Со временем, конечно, до нас дошло, в чем заключается ценность жидкости для омывания автомобильных стёкол. Конечно, она дешевле, чем даже самый дешёвый лосьон, она удобно расфасована в пластиковую тару — не разобьётся, если случайно выронишь; но это не главные её достоинства. Дело в том, что стеклоомыватель просветляет особым образом. У его адептов прозрачные глаза и полная ясность в голове, они живут в согласии с универсумом, который всегда с ними и который дружелюбен к ним даже тогда, когда топором по башке. Единственное, утаскивает в могилу в сжатые сроки. В деревне это знают все, хотя всем известны и исключения (та же Валька, к примеру), — но исключений очень мало.
Года четыре назад мы с мужем, покупая какую-то снедь в местном магазине, вспомнили, что в бачке омывателя пусто. Боже, какую гамму чувств вызвали мы у продавщицы. От изумления и скорби до желания образумить бедняг, по глупости ступивших на скользкую дорожку. «А вам-то, вам-то зачем?! — воскликнула она, — да возьмите вы водки, а это не берите, вам это нельзя». Мы были тронуты, но немного оскорблены: остальным жидкость продавали без разговоров.
Недавно Валька и ханурик пришли к нам на околицу воровать железную крышку с колонки, и мы с соседями их прогнали. Ушли они безропотно: нельзя так нельзя; но через сто метров спёрли тележку у ещё одного соседа, тот вывозил снег со двора в овраг, отвлёкся в уборную, оставил тележку возле калитки, вышел — глядь, имущество делает ноги.
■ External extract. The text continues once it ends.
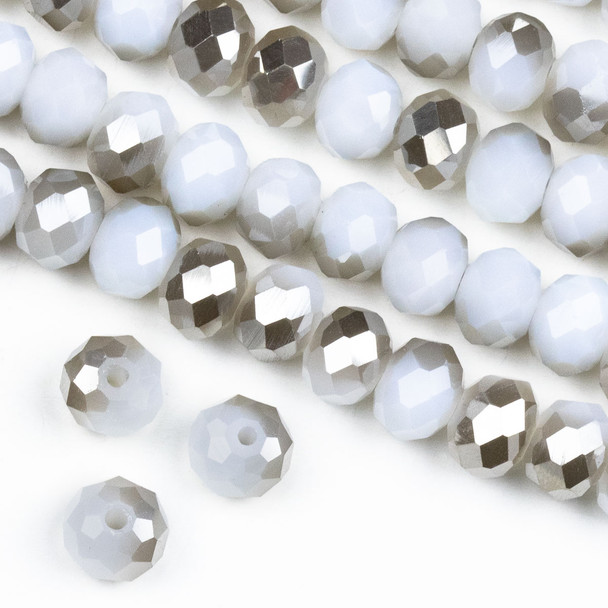 Crystal 6x8mm Opaque Silver Kissed White Rondelle Beads -Approx. 15.5 inch strand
Тележку сосед отнял, Вальку с узбеком бить не стал, здесь это как-то непопулярно, но они бы, скорей всего, даже не заметили, что их бьют. Это высшая, недосягаемая степень просветлённости. За шесть лет, прожитых в деревне, я научилась её видеть и уважать.
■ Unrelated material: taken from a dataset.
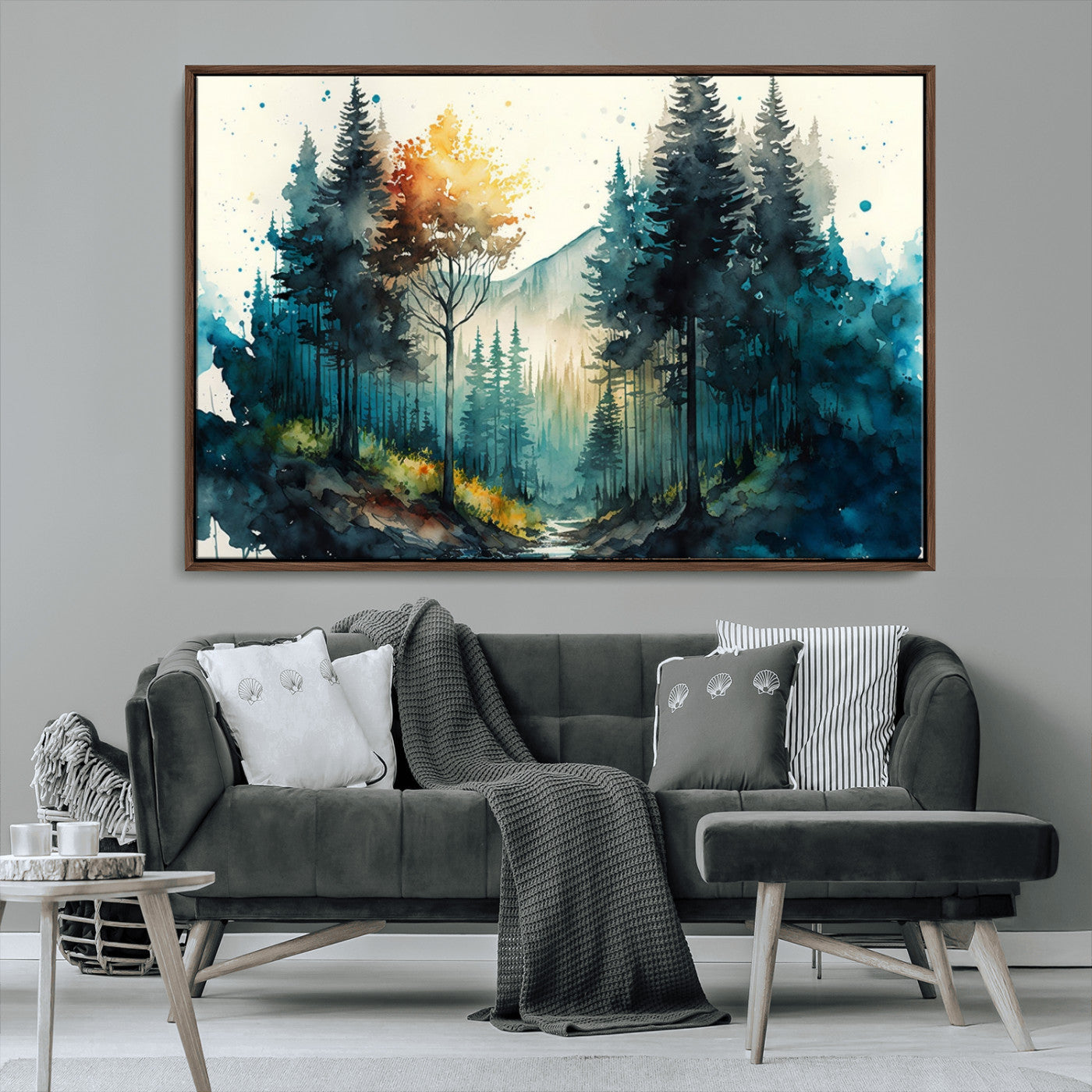 MGV-FC-36X24 - Watercolor Trees Forest Abstract Wall Art Canvas Print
Мне-то не достичь подобного единения с космосом никогда. Да и вам тоже, чего уж. Нам всем до неё пилить и пилить, всё равно что пешком по Транссибу, от Владивостока до станции Москва и обратно, да в пургу, да в драных валенках на босу ногу, да ещё и кофе с утра не пивши. Но и я, и вы (и все мы вообще) сделаем all our best, чтобы и кофе с утра, и чтобы валенки не на босу ногу, и чтобы не пешком; и вообще, на кой хрен нам эта прогулка, когда призовые баллы и можно слетать в Аргентину, мы там не были. Какое уж тут просветление. А им — и Вальке, и Серёге, и не заметившему собственной смерти Павлику, и утонувшему в тазу Олегу, и ещё куче народу — абсолютно наплевать и на Аргентину, и на Транссиб, и на прочее бессмысленное говно. Им вообще наплевать на жизнь, потому что жизнь для них — оно как бы не главное. Заминка в пути, затянувшийся момент ожидания, немножко досадное попадалово. Период между внетелесностью и внетелесностью.
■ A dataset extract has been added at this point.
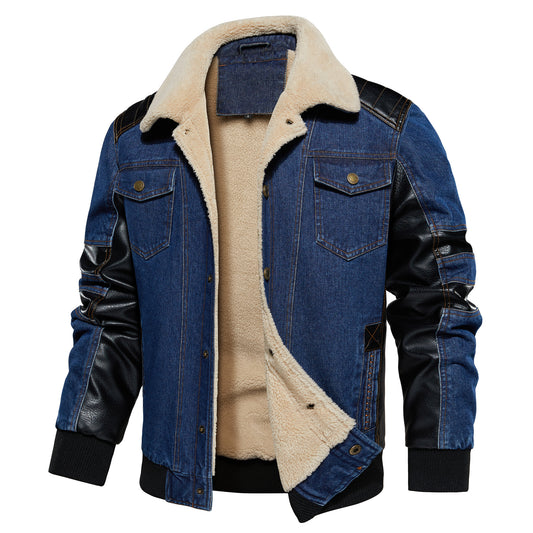 Men's Thickened Work Jacket, Denim - Patchwork Collared Multi - Pocket Autumn & Winter Jacket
Вижу в окно: хромает по безлюдной нашей улице Серёга, пьяный, в сланцах на босу — да! — ногу, в футболке с короткими рукавами, штаны драные, в дыру видно сиреневое колено. Хрусь-хрусь по снежку. Я знаю, куда он идёт: к почтовым ящикам, недлинная батарея которых прибита к маньчжурскому ореху напротив моего дома. Серёга ходит к ореху почти каждый день на протяжении шести лет как минимум. Такой у него странный рудимент, никак не отсохнет. Неровно, но быстро ковыляет Серёга, почти бежит, подгоняемый внутренними [мат]ами, и сколько там ему осталось бежать до окончательной разлуки с туловом — никто не знает. Респект тебе, сиреневое колено, ты часть бодхисатвы, сделавшего свой выбор, умеющего босиком по снегу, вольного, свободного от мира, войны и другого мира, равнодушного к причинно-следственным связям, к президентам всех стран оптом и в розницу, к примату бытия над сознанием, к уровню жизни и внешнему валовому продукту, но — пока ещё — зависимого от ежедневных визитов к дереву с железными коробками на стволе. Хрусь-хрусь, не глядя по сторонам, не глядя в небо, не глядя вообще никуда, идёт он, упирается в орех и отпирает коробку. А потом запирает, разворачивается и идёт обратно, и несёт в себе громадное, переполненное сверхсодержанием, бесконечно важное на сегодняшний день и громкое на всю улицу знание об утробе почтового ящика: «ни-ху-я».